Member for Riverstone Kevin Conolly is calling for urgent practical action to provide flood mitigation protection for residents of the Hawkesbury-Nepean region and to undo planning errors of the distant past.

“After this third flood of the Hawkesbury-Nepean river in 2022, it is time for both plain speaking and practical action,” said Mr Conolly.

“No-one can stop flooding from occurring, any more than we can stop bushfires, earthquakes or cyclones.

“But we do have some options available to us to reduce the impacts of floods and we should be acting on these.

Pre-release of water

“The first thing that can be done, and should be done without delay, is to amend the operating rules for Warragamba Dam to not just allow but require calibrated pre-release of water when the dam is full and the Bureau of Meteorology forecasts substantial rain. Controlled releases of water in the days before a rain event can reduce the dam level, enabling some more of the flood rain to be held back and reducing the peak of the flood.

“Previous studies have shown that this measure would provide only a small reduction in flood height, maybe 20 or 30cm, but nevertheless it is a reduction which is possible and which should be seized. It is something which can be done by the state government right now.

“I have written to the Premier urging that this change be implemented as soon as possible.

Raise the wall of Warragamba Dam

“The options for providing flood mitigation in the valley have been studied, assessed and analysed many times and the best option identified each time has been the raising of the wall of Warragamba Dam. It’s time to get it done.

“Investigations after the 2021 flood showed that this measure could have reduced the peak by about 3 metres.

“Governments should give priority to protecting people’s lives and homes. The dam raising project must proceed as quickly as possible.

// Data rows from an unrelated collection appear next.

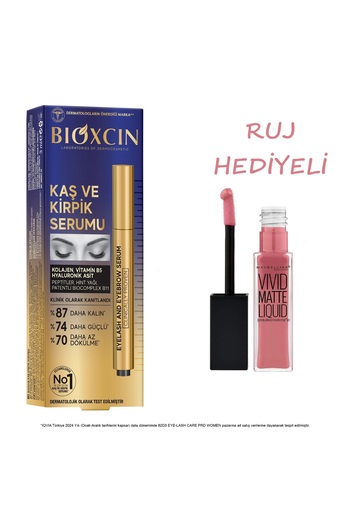 Bioxcin Kaş Kirpik Serumu - MBN Vivid Ruj Hediyeli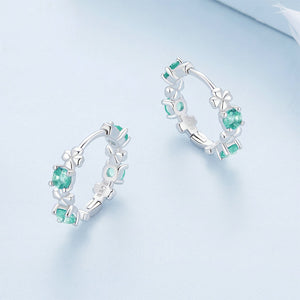 925 Sterling Silver Simple Fashion Four-leafed Clover Geometric Circle Earrings with Green Cubic Zirconia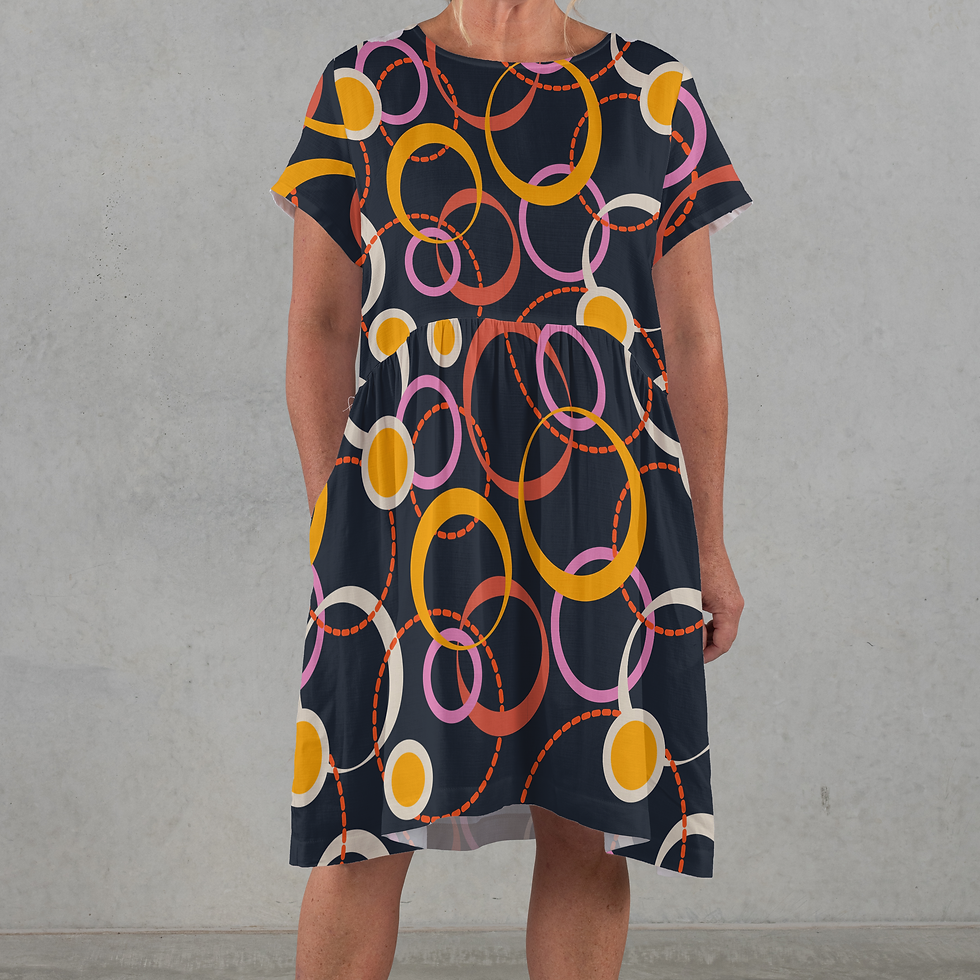 navy circles dress mock up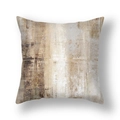 Modern square pillowcase with beige and brown abstract texture on canvas fabric - 45*45cm (Cover Only) / Beige Brown White Abstract Art Texture (23CR11-20)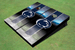 Penn State University Nittany Lions Field Long Stripe Matching Navy Blue Themed Cornhole Boards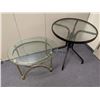 Image 1 : Two small tables - small round glass top patio table & heavy brass glass top end table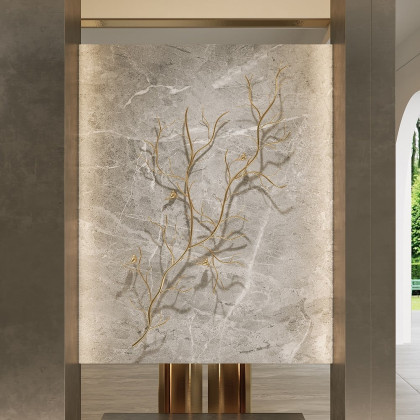 HMR - Luxury Creative Metal Branch & Birds Wall Decor Home Art in Gold in Living Room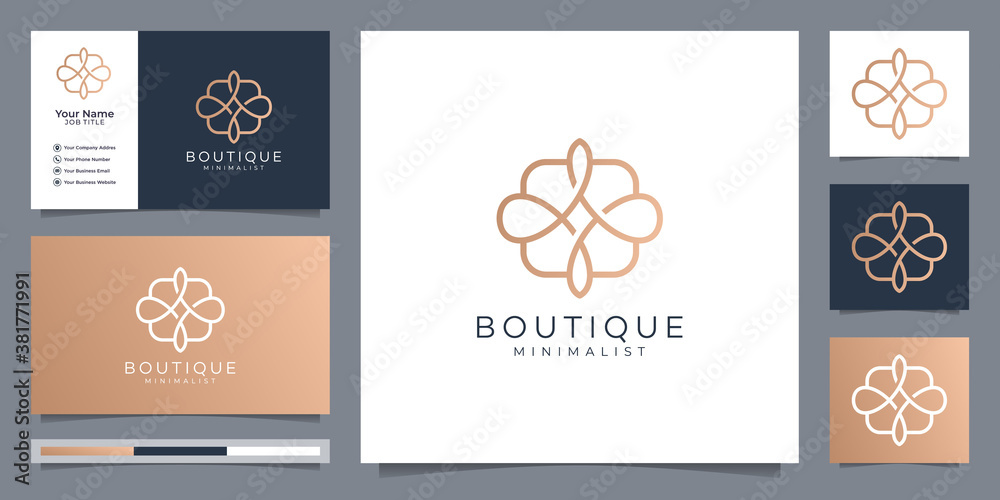 boutique minimalist Simple and elegant floral monogram template, elegant line art logo design,business card vector illustration.Premium Vector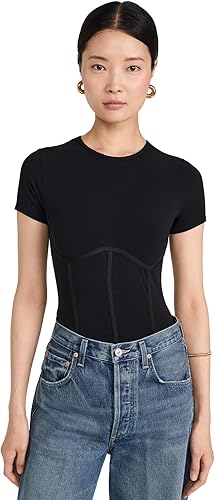 Women's Cotton T Shirt Thong Bodysuit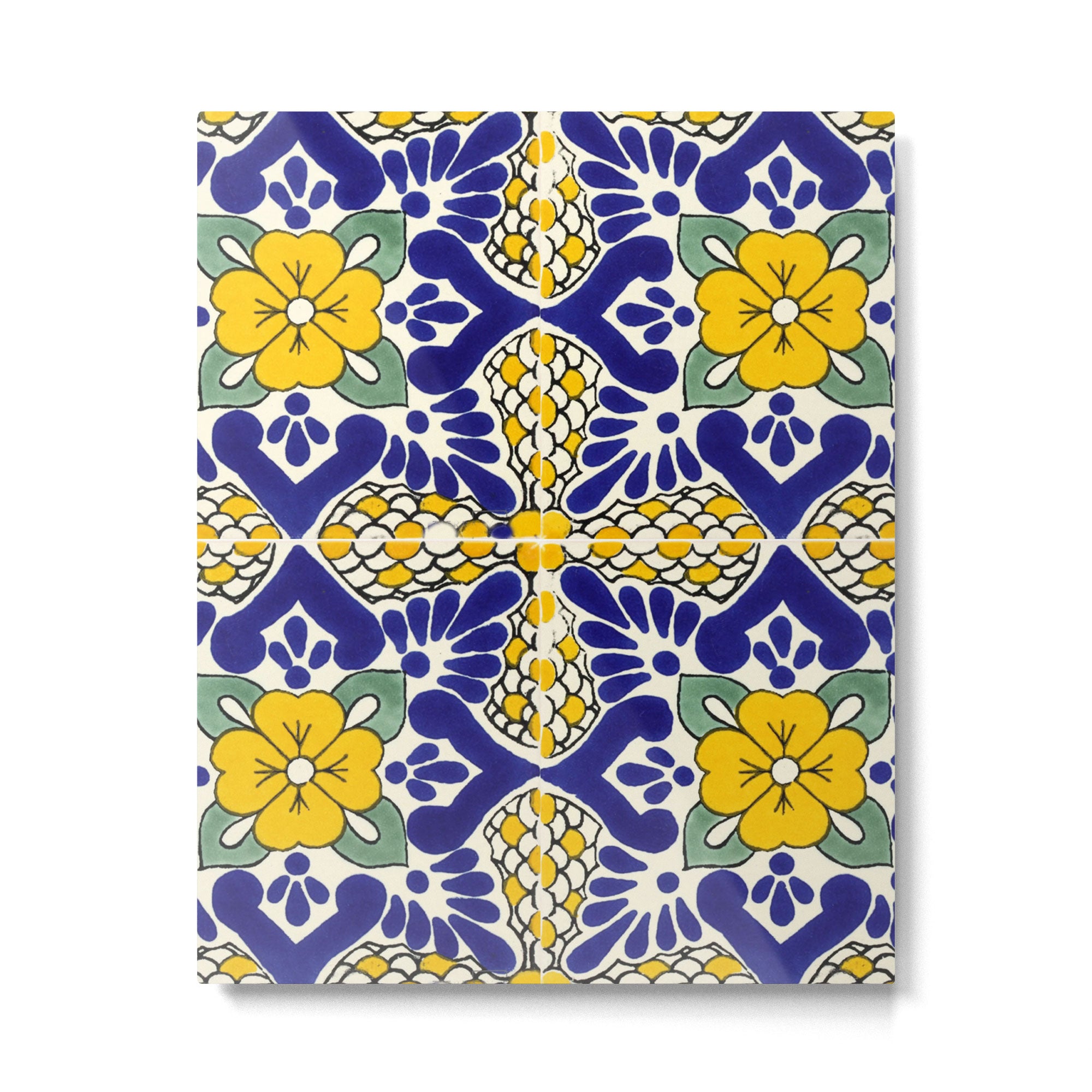 talavera mexican tile in blu and yellow Metal Print Gallery Image 6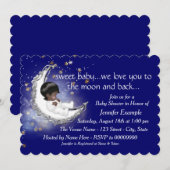 Invitation Le Baby shower de la Lune et du dos (Devant / Derrière)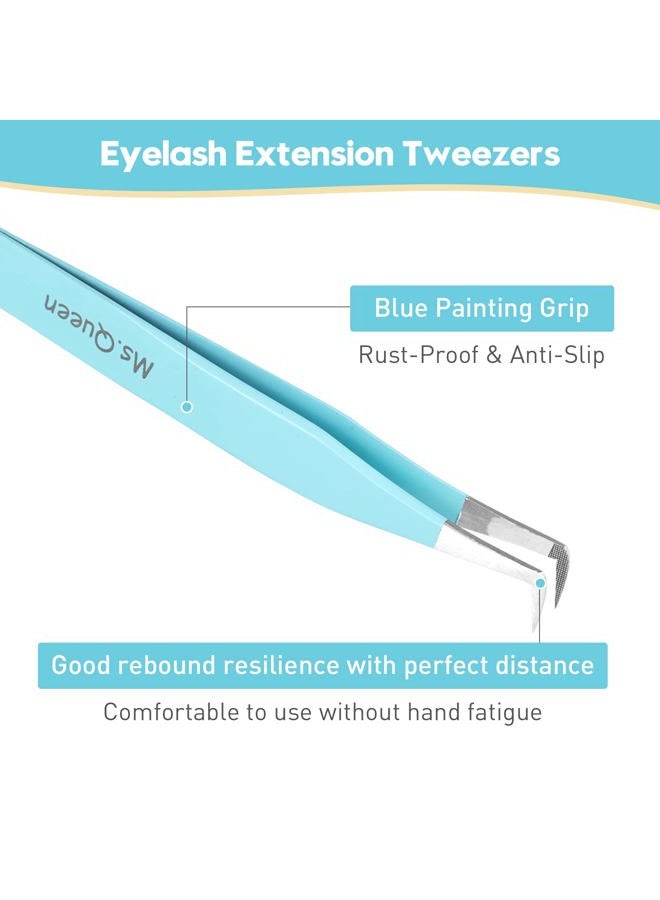 Ms.Queen Volume Tweezers For Eyelash Extensions, Fiber Tip Grip Lash Tweezers L-Shape Boot Mega Volume Mink Lashes Tweezers, Blue - Image 4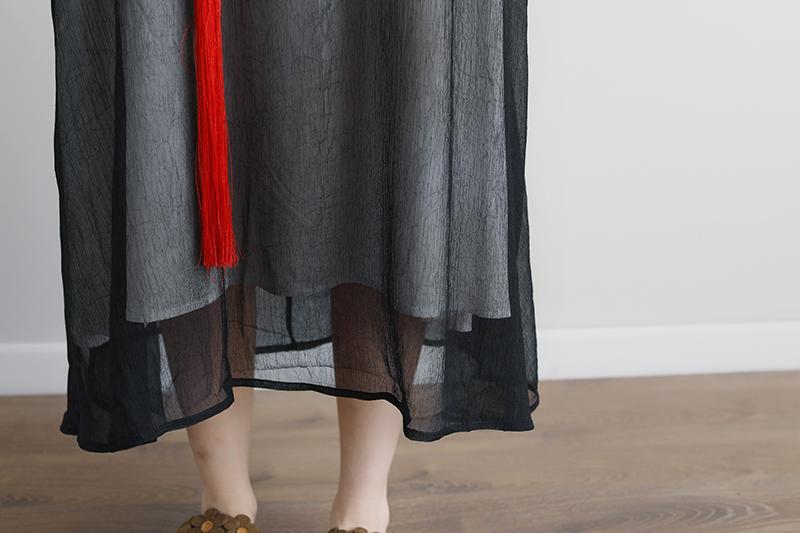 Black Summer Fake Two-piece Pockets Retro Tassel Dress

Harness the market to undo past bad planning

“There are many thousands of homes in the Hawkesbury Nepean Valley at levels which would not be allowed today. The land was developed in the distant past before the planning schemes of the 1960s. The owners can’t afford to move unless someone buys their property. Governments will never be able to afford to buy them all back. But if the private sector had a financial incentive to buy these properties and hand them over to the government in return for the right to develop new dwellings on high, flood-free ground then the problem could be addressed over time.

“Starting with the lowest, most at-risk properties first, we should allow the private sector to buy the right to build extra dwellings on high ground in return for removing low, at-risk dwellings from the market.

“This would save the taxpayer millions of dollars over the years, as well as spare thousands of people the heartbreak of seeing their homes and possessions destroyed.

“I urge the NSW Government to move on all three of these proposals and urge the Commonwealth Government to assist where it has approval responsibilities.

“The people of the Riverstone area and of the wider Hawkesbury-Nepean Valley deserve action from governments where practical options are available.

“We can never prevent floods, but we can be better prepared to deal with them,” said Mr Conolly.